Source: Intro Music by Mark Hannan; Public Domain Gears Public Domain http://www.clker.com/clipart-gears.html
[MUSIC PLAYING] Welcome this episode of Sociology Studies of Society. Today's lesson is on Davis-Moore thesis. As always, don't be afraid to pause, stop, rewind or even fast forward, to make sure you get the most out of this tutorial.
So today I'm going to be explaining for you the Davis-Moore thesis, and some criticism of this thesis. So the Davis-Moore Moore thesis, really you can put underneath the umbrella of the structural-functional approach. And, as you've learned, the structural-functional approach is this idea that society is really this complex system, and all these things in the system work together, even bad things, to make the system work.
So what Davis-Moore says in their thesis is that social stratification, the inequality that happens in society, is actually good for society. It's an important part of society working. And they have four different reasons why they think this inequality, this social stratification, is good.
So they argue the first thing is that this inequality really helps place importance on important jobs. If you look at a doctor and a janitor, this thesis-- part of this argument is that, well, we as a society, we want to show that doctors are more important than janitors. That differentiation between the doctor and the janitor is actually good because it's helping show what's important for our society.
They also argue that this social stratification comes from the requirement of having skills and more knowledge. So society, that stratification-- when you look at that doctor and the janitor, well, being a doctor requires a lot more skills. It requires a lot more knowledge. So we need to differentiate them. That difference between the doctor and the janitor is, again, OK. Because there's a big difference in what skills they require to do those jobs.
Similarly to that, there's also a difference in what the actual acquiring of skills. So not everyone can be a doctor, especially if you're looking at a really advanced form of brain surgeon. There is very specific skills and knowledge you need to be a doctor. The Davis-Moore thesis says, well, not everyone can be a doctor. So that's stratification saying, well, look. It's OK that it's different because only a small group can be doctors.
The last point here is that we have to reward people in society. So that doctor-- we're trying to reward that doctor for being a doctor. We need to reward them as a society, reward what we think merits reward.
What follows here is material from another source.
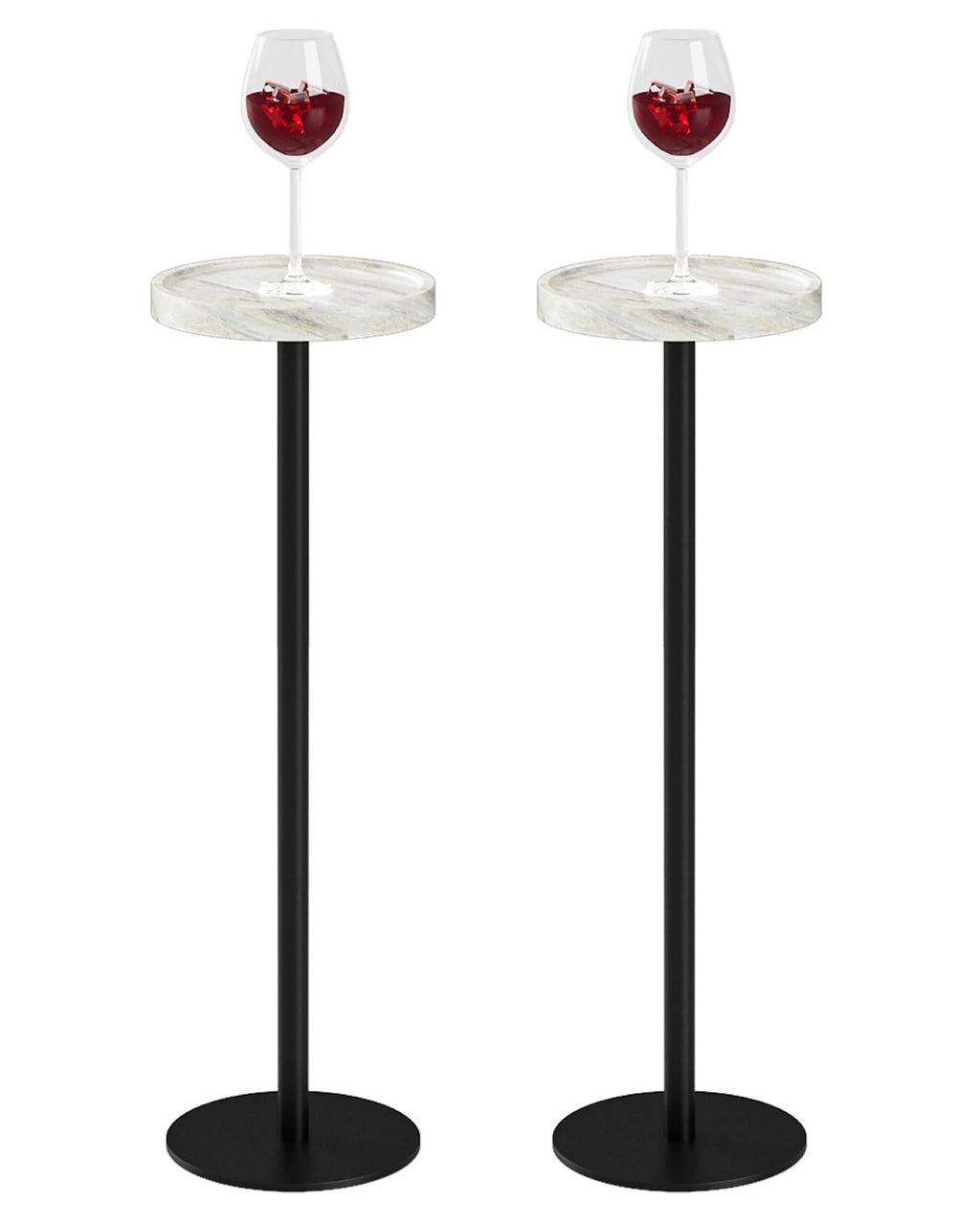 Inspired Saarinen Style Round Drink Table Set 2, Small Pedestal Side Table, White Marble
So that's the basics of the Davis-Moore thesis.
Now there are some criticism of the Davis-Moore thesis. So the first question there is, what is actually important? Again, the Davis-Moore thesis is saying that we have different jobs and some are more important than others, and that a doctor is more important than a janitor. But what really is important? I mean, would our society function without people that cleaned and took care of buildings?
Or if we take another profession-- we took a police officer and a doctor-- there's a major difference there between those two groups. But which is actually more important for society, the police officer or the doctor? Next question there is do financial rewards match the importance or do they guarantee performance. So what that question is saying is, in some situations this social inequality does not match what we even think was important.
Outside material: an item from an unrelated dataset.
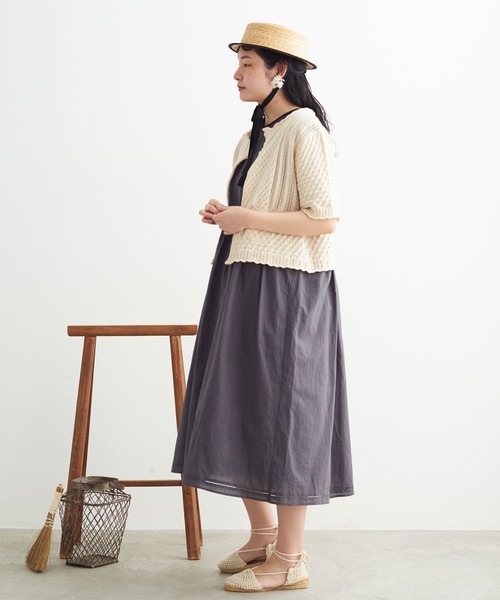 chambre de charme（シャンブルドゥシャーム）の「cdc ギリシャ綿　5分袖カーディガン（カーディガン/ボレロ・レディース・キナリ/ブラック・FREE）」の3枚目の写真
Very few people would say that professional athletes are the most important people in society. But professional athletes make considerably more than many, many people in society. The second half of that question is there, does it guarantee performance? A lot of the social stratification that happens in our modern society, it happens regardless of how well people do. I should say, relatively regardless. Maybe the excellent doctor who makes a little bit more, but still very, very on a totally different level from the best janitor or the best police officer.
The last question there is does social stratification correlate with anything else. And this criticism is really saying, is there's a lot of different things that have to do with social stratification that don't have to do with anything they talked about-- someone's race, their ethnic background, how wealthy their parents were, how much education their parents got. All those things really strongly play into what social class you end up in.
Well, if those things are so strongly correlated, then how come they don't fit into their thesis? It's really ignoring the fact that if you're African-American you're much more likely to be poor than if you're white. And it doesn't have to do with the individuals that are-- as they're born black or white. It has to do with the way our society treats people who are black and white.
So today's takeaway message-- today we just looked at the Davis-Moore thesis, and that's a theory that argues that social stratification is good for society. Well, that's it for this lesson. Good work. And, hopefully, you'll be seeing me on your screen again soon. Peace.